Hank Williams singles chronology
| "Pan American" (1947) | "(Last Night) I Heard You Crying in Your Sleep" (1947) | "On the Banks of the Old Ponchartrain" (1947) |

= (Last Night) I Heard You Crying in Your Sleep =

1947 song performed by Hank Williams

"(Last Night) I Heard You Crying in Your Sleep" is a song written and recorded by Hank Williams on MGM Records. It was released as the B-side of "Move It on Over" in 1947.

==Background==
Hank Williams recorded "(Last Night) I Heard You Crying in Your Sleep" at his first MGM recording session after releasing a few sides with Sterling Records. Despite its bouncy tempo, the song contains somber lyrics about a heartbroken man who has come to realize that the woman he loves has never loved him. Making the song even sadder is the forgiving tone of the narrator ("I know you tried your best to love me," "I love you so much I want you happy"), and its simple language is as good an illustration as any of the profound simplicity of Williams' love songs. An embryonic version of the song exists as a lyric sheet in the Alabama Department of Archives and History with words quite dissimilar to the finished recording, suggesting that songwriting wasn't quite the spontaneous act that Williams later made it out to be in interviews; in 1952 he declared to Pathfinder, "People don't write music. It's given to you; you sit there and wait and it comes to you. If a song takes longer than thirty minutes or an hour, I usually throw it away.

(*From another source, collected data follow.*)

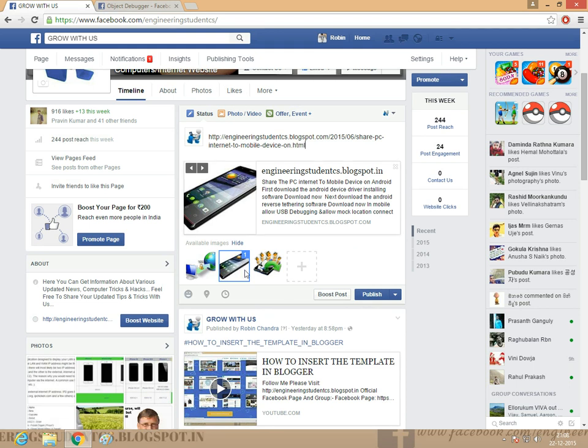You want to select the thumbnail which you want. Thank you friends, do not forget to subscribe.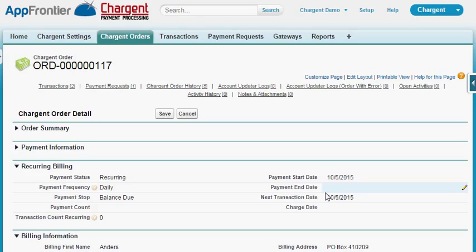We also have a charge date where you can sync transactions to a particular day if they are being done on a monthly basis and a customer's credit card is declined and it takes a few days to get a new payment. This will re-sync the next month to that same date. And any of these fields can be hidden from the Salesforce page layout to simplify things if you're not using them.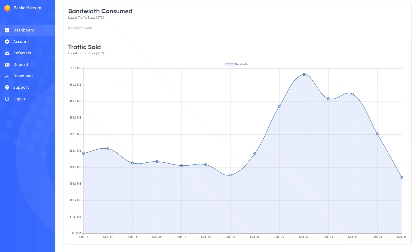PacketStream is a profitable and popular software used by many. It is available for Windows, Mac OS, and Linux.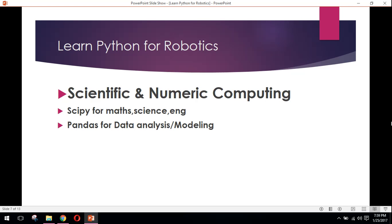Scientific and numeric computing. SciPy is a Python library for mathematics, science, and engineering purposes. It is a very famous library of Python. Pandas is another library of Python which is used for data analysis and modeling.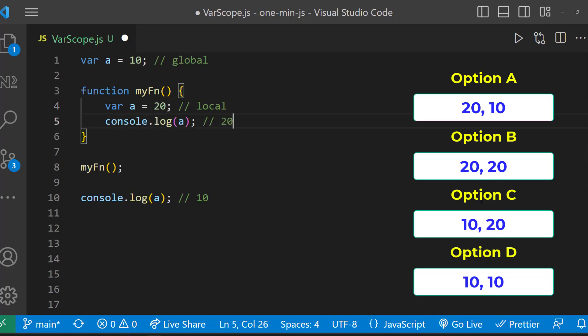The execution starts from top. When it comes to line number 8, as the function is called, the execution goes to line number 4. There the value of a is going to be 20. And so in the next line, a will be printed as 20.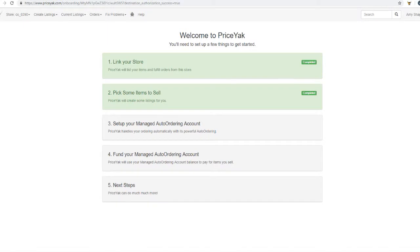My name is Amy with Price Yak and in this video we're going to do steps three and four of your initial startup. We're going to set up your managed auto-ordering account as well as fund it.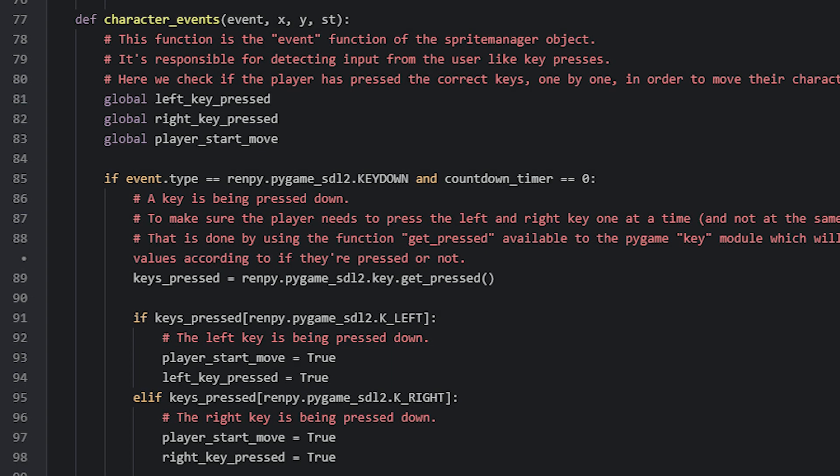Here we have the characterEvents function, which controls the movement of the playable character. An event function has access to 4 different parameters, which are local variables to the function. These are an event object, which holds information about the event that just happened in the game. This can be a key press on the keyboard, or a mouse click as two examples.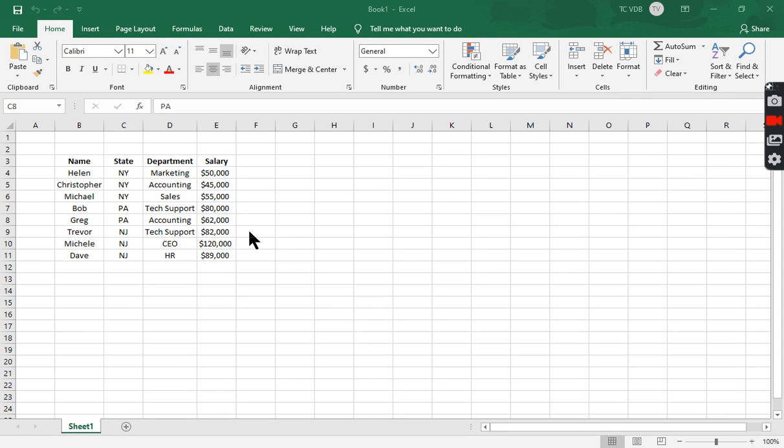What's going on Excel Fanatics? Verdixis here. Today's video is showing you how to create slicers using pivot tables and then how those pivot tables can affect pivot charts.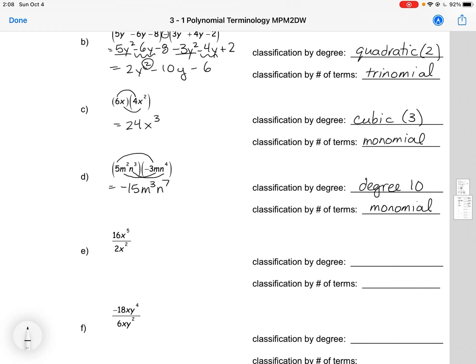Example E is asking us to divide. Just like multiplying, we're going to divide the number part and divide the powers by subtracting the exponents. So we would get 8x cubed, giving us a cubic and a monomial — it's still just one term.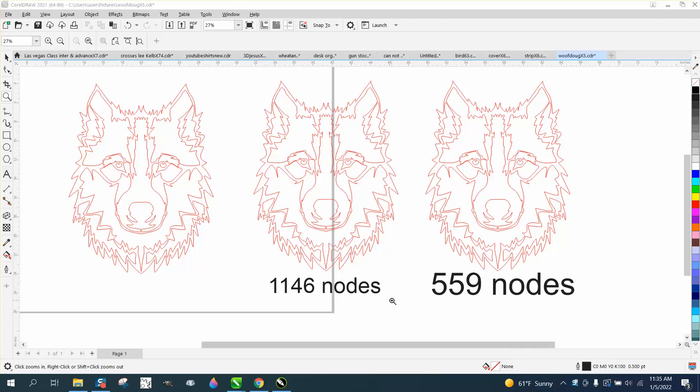Hi, it's me again with CorelDraw Tips and Tricks. While that other video was loading about reducing nodes from 1146 to 559, I just started thinking.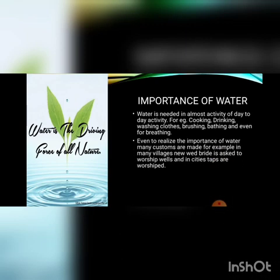Even to realize the importance of water, many customs have been made. For example, in many villages, a new bride is asked to worship the wells. For today's task, you have to talk to your grandmother and mother and ask if they have ever followed such a custom.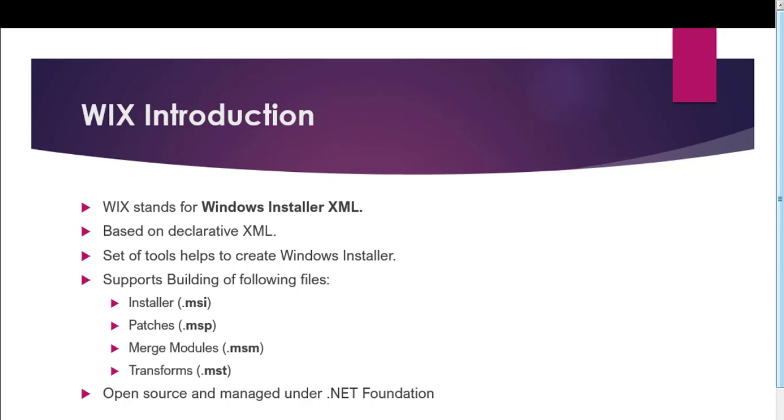Wix uses a set of tools to create a Wix installer. We will discuss these tools in our next slide. With the help of Wix, we can create a number of files which are listed here. The first one is Installer with extension .msi. The second one is Patches with extension .msp. Third one is Merge Modules with extension .msm. And the fourth one is Transforms with extension .mst.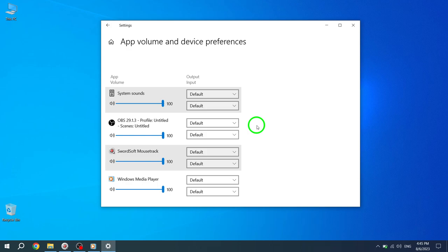By following these simple steps, you can now adjust the volume of individual apps on your Windows 10 device. We hope you found this tutorial helpful. If you enjoyed this video, please give it a thumbs up, and consider subscribing to our channel for more Windows 10 tips and tutorials. Thank you for watching, and enjoy customizing your app sound experience on Windows 10.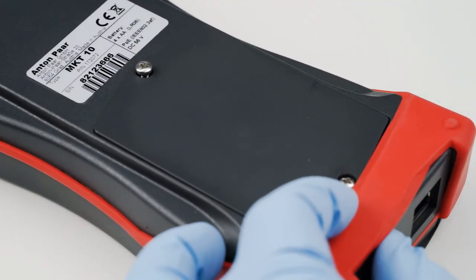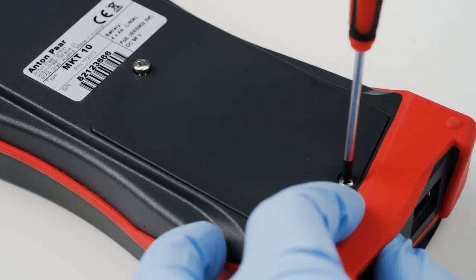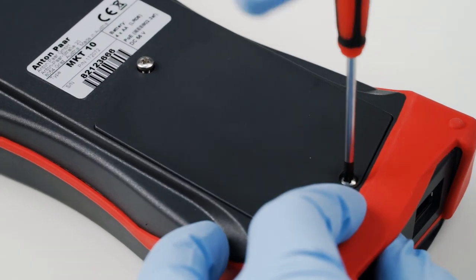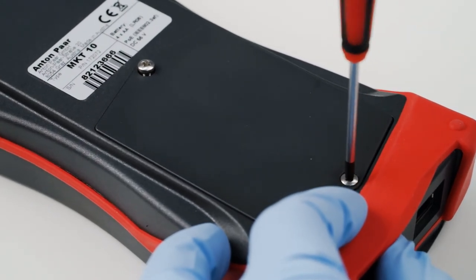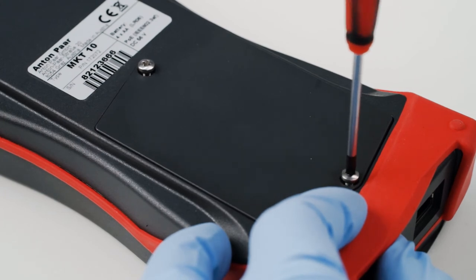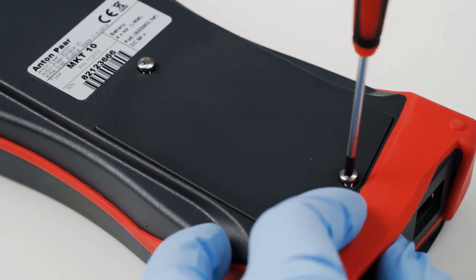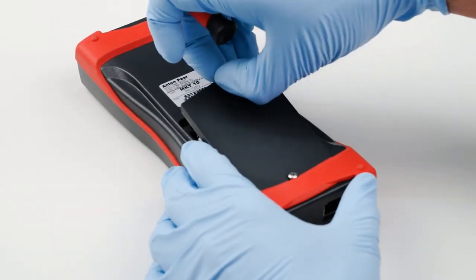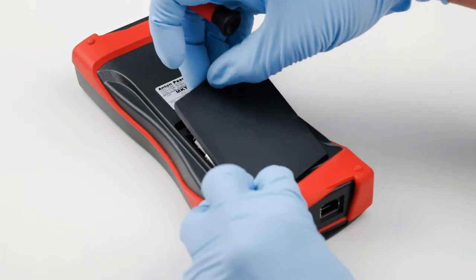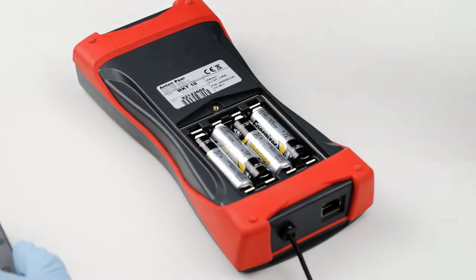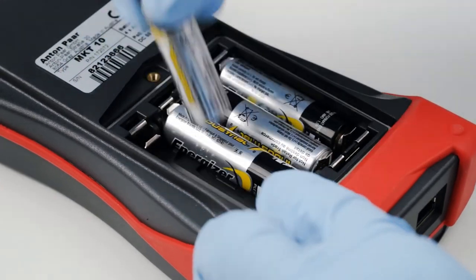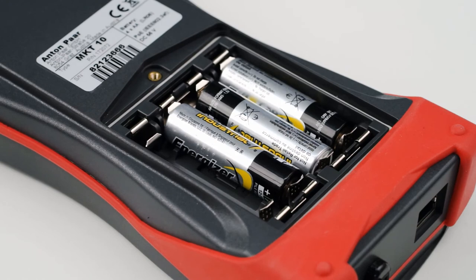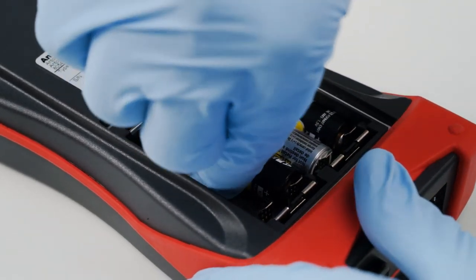To reach the bottom screw, you need to push the red housing seal aside. Remove the discharged batteries and put in four new alkaline batteries.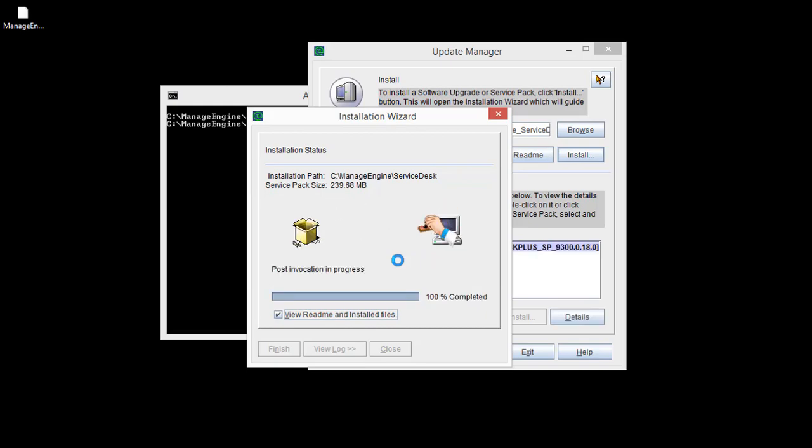It takes a few minutes to update the files. The Service Pack installation is over now.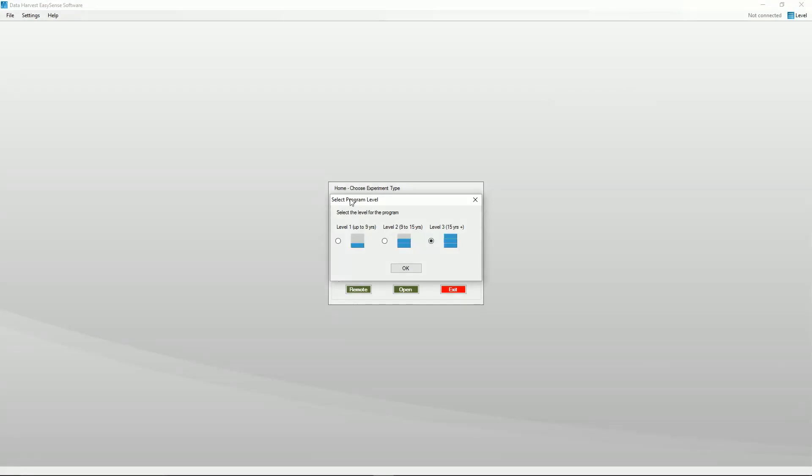Open the EasySense software program. A select program level window will automatically open. Select a suitable user level.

Williams recorded the song on April 21, 1947, at Castle Studio in Nashville with Fred Rose producing the session. Williams recorded the song during his first session with MGM on April 21, 1947. The band was composed by part of Red Foley's backing, including Zeke and Zeb Turner (guitar), Brownie Raynolds (bass), Tommy Jackson (fiddle) and Smokey Lohman (steel guitar).

==Cover versions==
- George Jones recorded the song for United Artists in 1962.
- The song appears on Cal Smith's 1968 LP At Home with Cal Smith.
- Roy Orbison cut the song for his 1970 Williams tribute Hank Williams the Roy Orbison Way.

==Sources==
- Escott, Colin (1994). "Hank Williams: The Biography"
- Escott, Colin (2004). "Hank Williams: The Biography"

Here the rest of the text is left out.